А блаженный Абрахам пребывал непрерывно в той же добродетели и, кружа [повсюду], собирал все подношения верующих и отвозил в отдаленные места, и сам доставлял по потребностям каждого. И так продолжалось до двенадцатого года осужденных, пока не умолили его все единодушно, чтобы он согласился отправиться в страну Армянскую. Ибо когда он придет [армянам], в нем увидят [одного] из доблестных мучеников, которые скончались от меча, в нем увидят и святые оковы мученичества.
А когда мученики, исповедники и узники через него станут видимы, — через него получит благословение вся страна, через него получат благословение и сыны их для взрастания, через него станут скромными старцы в собственной мудрости. Через него будут научаться князья их человеколюбию, через него западет жалость от Бога в сердце царя — устроять и устанавливать мирную жизнь для всей страны. Через него церкви прославятся, как доблестный и совершенный воин, через него мартирии украсятся, через него и мученики, радуясь, возликуют. Через него и поле Аварайра, заблистав, наполнится цветами — не от дожденосных туч, но от [останков] святых, проливших кровь мучеников, рассеявших и рассыпавших болезни [своих] святых костей. Когда исповедник своими многострадальными стопами пройдет по обширным бранным полям, которые по природе не что иное, как земля, когда живой мученик будет странствовать по ним, живой, пришедший к живым, — вся страна оживет вдвойне.
«Мы знаем, — говорят, — когда увидят его все монахи страны Армянской, через него вспомнят духовные полки воителей, которые за нас, говорят, отдали себя на смерть и пролили кровь свою, принеся ее в жертву Богу. Благодаря ей будут помянуты святые иереи, которые замучены на чужбине и утишили распаленный гнев царя. Этим, быть может, вспомнят наши оковы и, творя молитвы, испросят у Бога, чтобы нам, пленным, вновь вернуться в родную страну нашу.
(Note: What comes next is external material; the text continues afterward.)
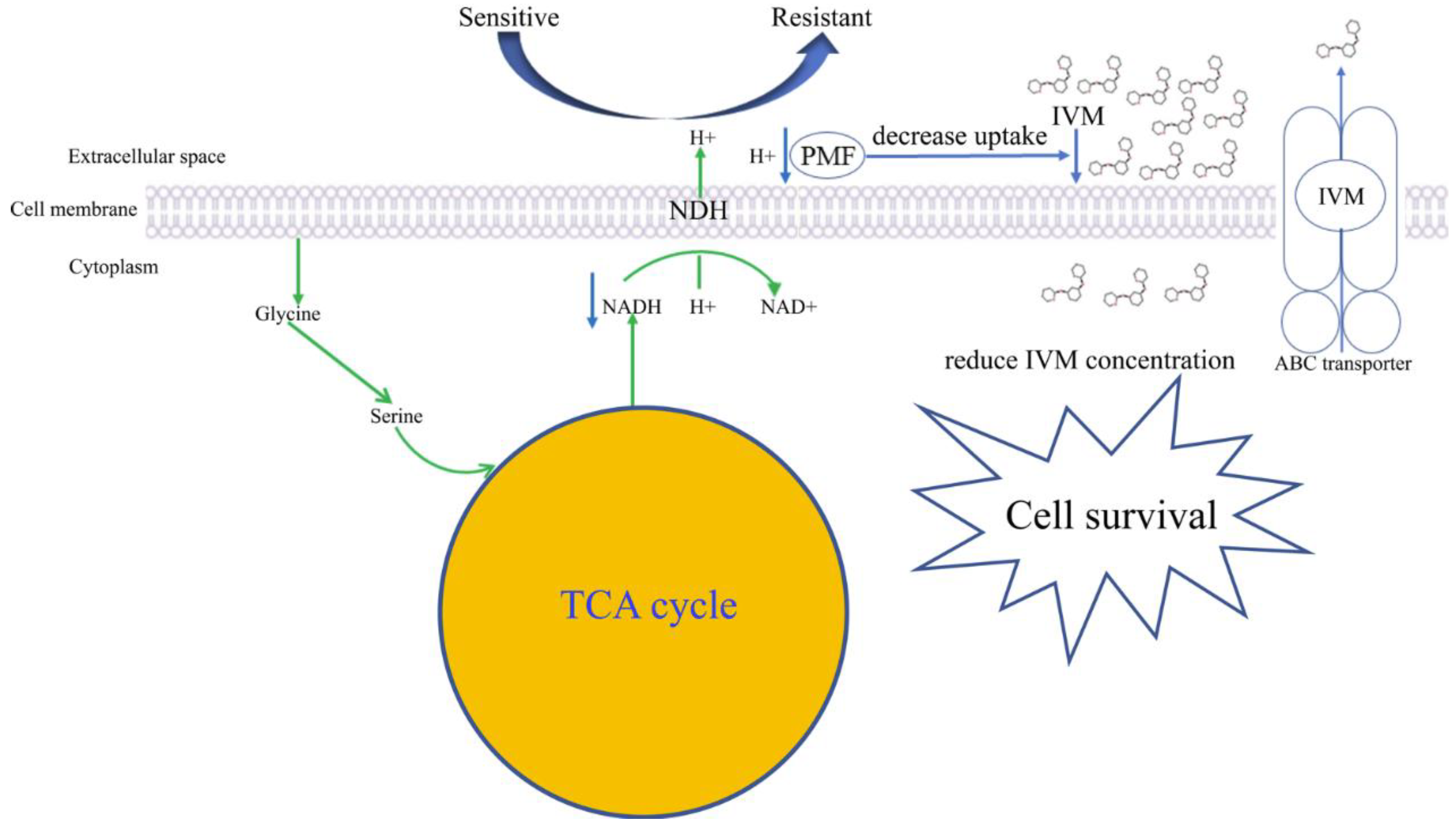 Animals 13 00456 g006 Animals 13 00456 g006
Ибо очень истомились мы, не только телесно, но еще более стремясь увидеть святые наши церкви и святолюбивых священнослужителей [321] наших, которых мы в них утвердили. И если в другой раз поможет нам Бог пойти и утешить оставшихся, знаем, что и для нас откроет Бог врата милосердия своего, чтобы пойти по той же дороге, по которой [следуют] стопы сего святого».
Когда у нахараров, наделенных благодатью Божьей, родился этот замысел, они многими уговорами привели исповедника к согласию. И так как он привык никогда не противиться благому, по прежней привычке и в этом случае он поспешил немедленно исполнить решение единодушно согласившихся во имя Божественной добродетели. Пришел и вступил в страну Армению Великую.
Поспешили и немедленно вышли навстречу ему мужи и жены, великие и малые, и все множество азатов и шинаканов. Падали ниц перед святым и, простирая к нему руки, говорили: «Благословен Господь Бог в вышних, направивший к нам ангела с небес — доставить нам весть о воскресшем, чтобы унаследовали мы Царство [небесное], ибо в тебе мы видим воплощенными всех отчаявшихся с надеждой о воскресении, а скованных — в уповании на свободу от пут. В тебе мы видим и устроение страны нашей в мире. Ибо церкви наши в ликовании радуются, и через тебя святые мученики наши беспрерывно предстательствуют за нас перед Богом. Благослови нас, святой отец наш, ты — уста усопших, говори с нами с открытым благословением, дабы в душах наших мы тайно слышали благословение святых.
Ты открыл дорогу тем, что желали вернуться в свою страну. Молим Бога, чтобы неотступно шли вслед за тобой, святым проводником. И как открыл ты закрытую дорогу в [нашу] страну, отвори и на небесах двери для молитв наших, дабы моления и от нас, грешных, достигли Бога для предстательства за этих узников. И пока пребываем мы в смертном теле, как видим мы твою божественную святость, пусть увидим и любимых наших страдальцев, [ведь] мы давно разбиты и раздавлены душой и телом. Итак, уверуем в истинную надежду — как исполнилось наше великое ожидание твоей святой любви, так и вблизи мы увидим истинных свидетелей Христовых, по поводу небесной красоты которых мы пребываем в горячем ожидании». [322]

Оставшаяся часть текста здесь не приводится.